The left STG is often implicated in sequential (sub-lexical) phonological processing [e.g., 13, 47, 61, 62], phonological short-term-memory [e.g., 63], and the temporary storage of phonological information (particularly the posterior STG) [64]. Moreover, a persistent phonological short-term-memory deficit in the Landau-Kleffne’s syndrome [63], a rare acquired aphasia in children, is linked to decreased cortical activation in the STG. AS’s behavioral data also revealed a phonological short-term-memory deficit [4] as with the other studies of phonological dyslexia [28].
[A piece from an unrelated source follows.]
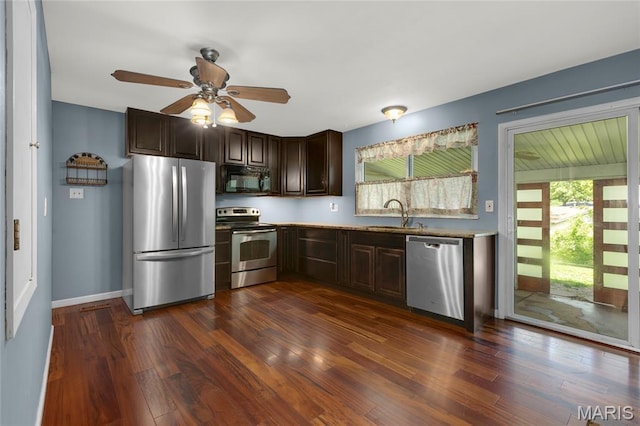 944 Millwood Dr, Saint Peters, MO 63376 - kitchen with appliances with stainless steel finishes, dark brown cabinets, a sink, ceiling fan, and dark wood-type flooring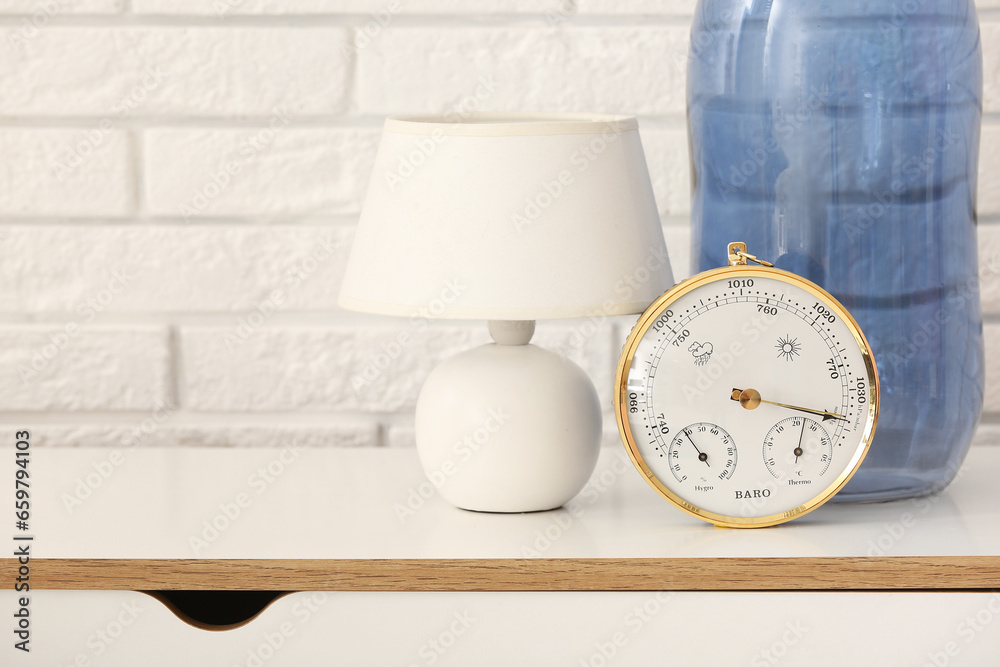 Aneroid barometer and lamp on table in room, closeup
Finally, we need to account for the discrepancy between AS’s behavioral data showing a behavioral dissociation between his poor reading skills in English and his superior reading skills in Japanese, and his MEG data showing a neural unity between reading in English and Japanese—both showing similarly weak cortical activation in the left STG. This is because the cognitive processing demand for transparent syllabic Kana (larger grain size) is less than that for quasi-regular opaque English (smaller grain size) [28, 39, 45]. The latter requires a finer processing capability, e.g., segmenting the letter-strings into graphemes, converting these graphemes into phonemes, and finally blending the phonemes into a word or a nonword. Therefore, reading Kana may not require the neural resources in the left STG as much as reading English might do, and therefore the same functional deficit in the left STG in AS does not necessarily cause the same behavioral deficit seen in English, when AS reads in Japanese.